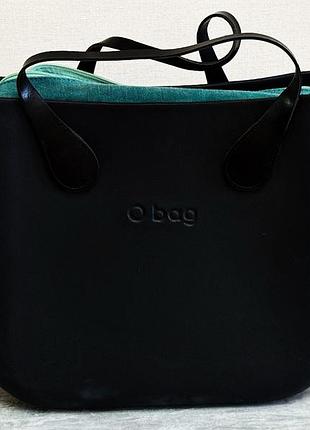 Оригінальна сумка o bag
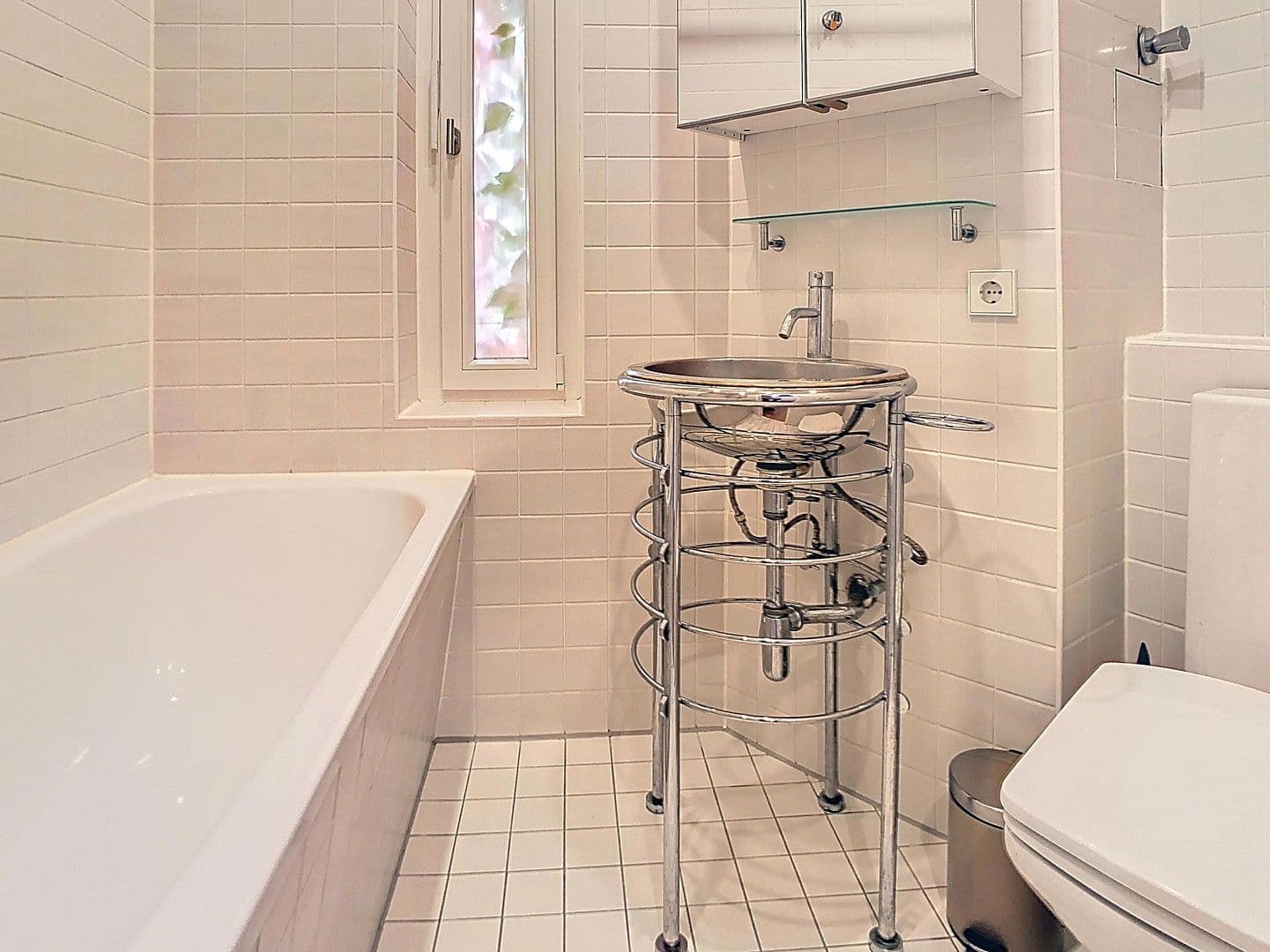 2 bedroom flat for sale, 63 m², Berlin, Berlin 2 bedroom flat for sale, 63 m², Berlin, Berlin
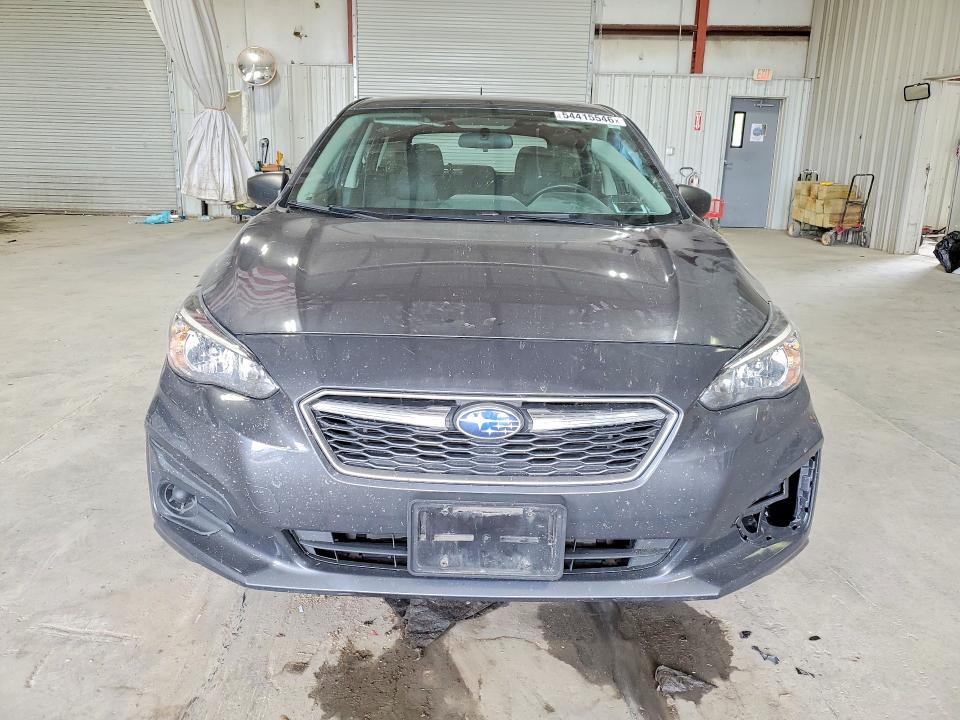 Продаж на аукціоні авто 2018 Subaru Impreza, vin: 4S3GTAA68J3743827, номер лоту: 54415546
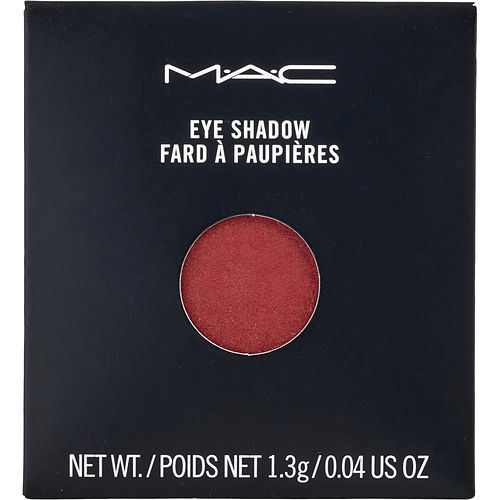 MAC by Make-Up Artist Cosmetics Small Eye Shadow Refill Pan - Ruddy --1.3g/0.04oz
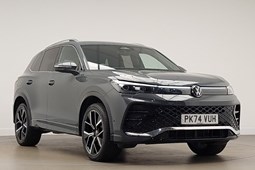 Volkswagen Tiguan eHybrid (24 on) 1.5 TSI eHybrid R-Line 5dr DSG For Sale - Arnold Clark Click & Collect Sydenham, Sydenham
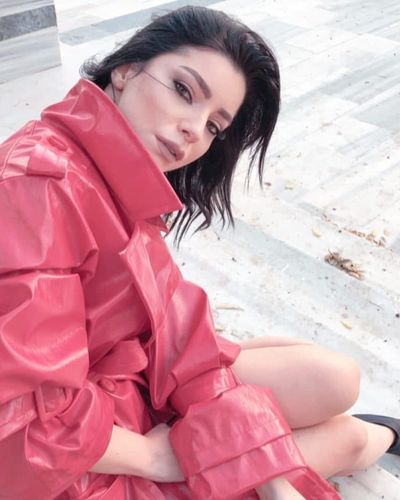 Merve Boluğur seksi ifşa fotoğrafı 201
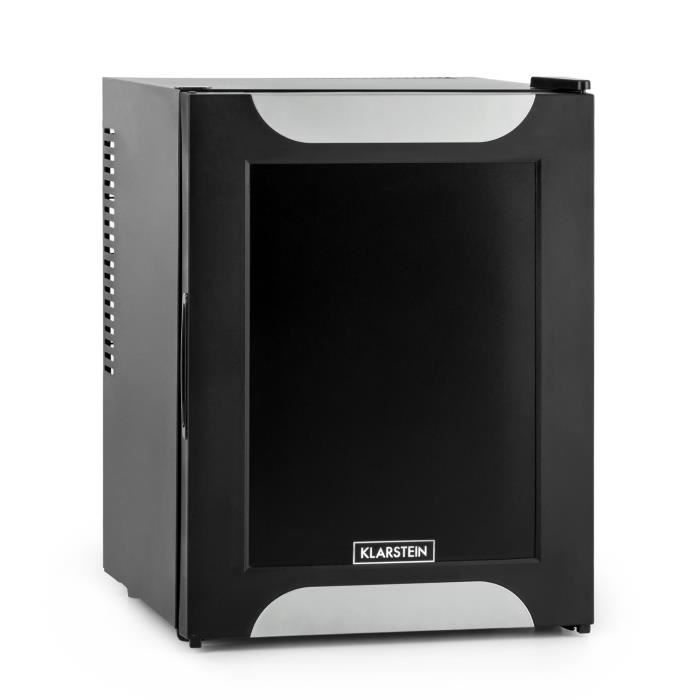 Mini réfrigérateur - Klarstein Happy Hour - 32 litres - silencieux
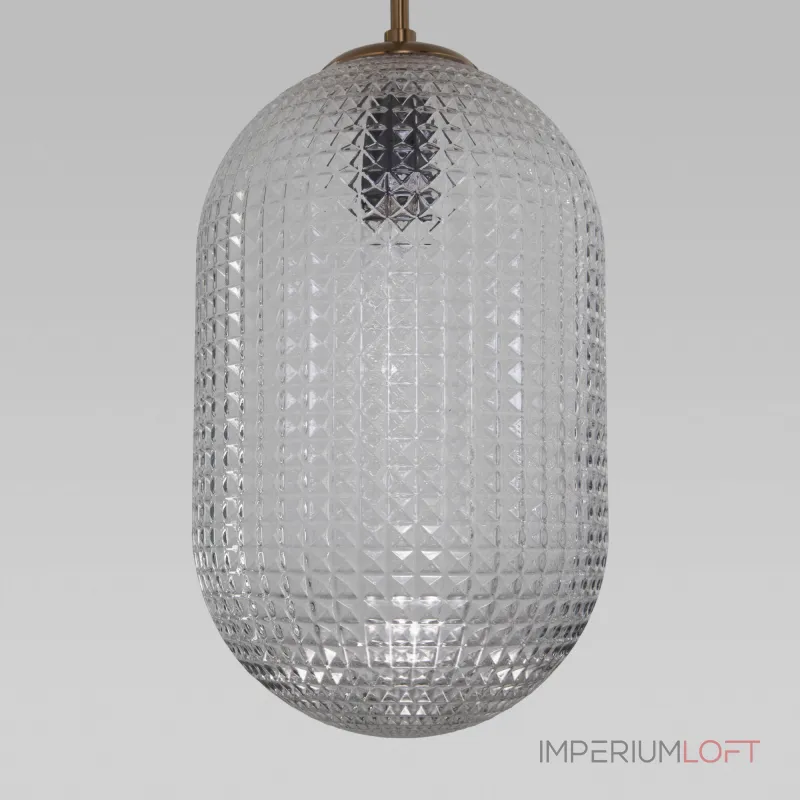 Подвесной светильник Eurosvet Gem 50261/1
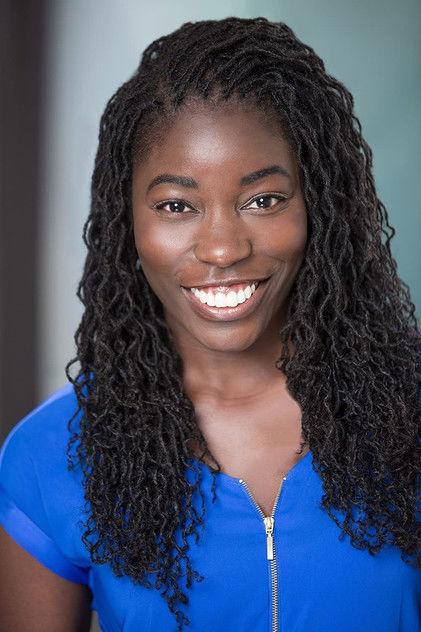 Aba Arthur - Actor Profile Photo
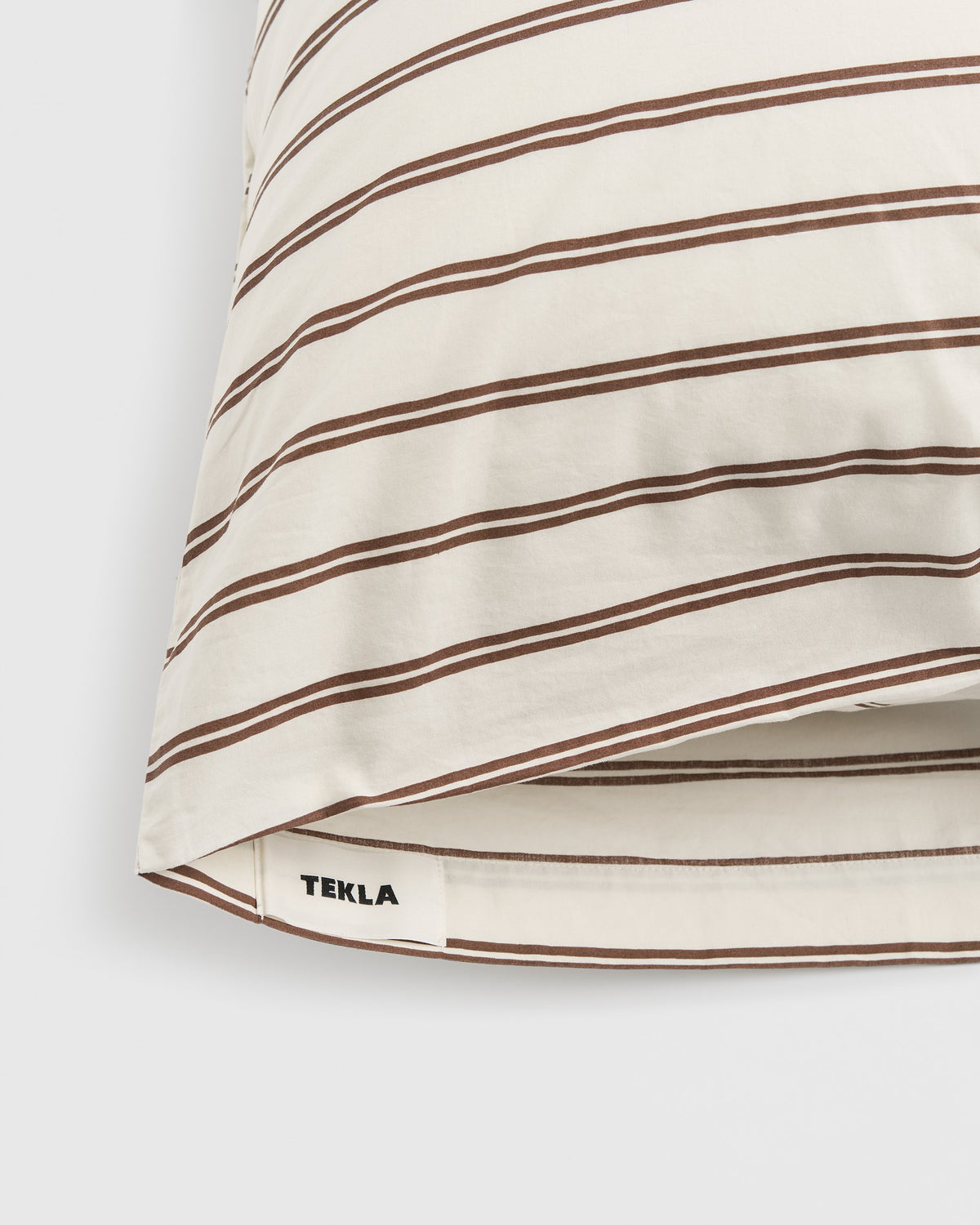 Pillow Sham - Hopper Stripes, 50x60 - Tekla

[Action item] The expected answer consists solely of the lines from the one with "Aba Arthur - Actor Profile Photo" through the last line of the listing above, restated exactly, minus any pictures.

[Solution for this exercise]
 Aba Arthur - Actor Profile Photo
 Pillow Sham - Hopper Stripes, 50x60 - Tekla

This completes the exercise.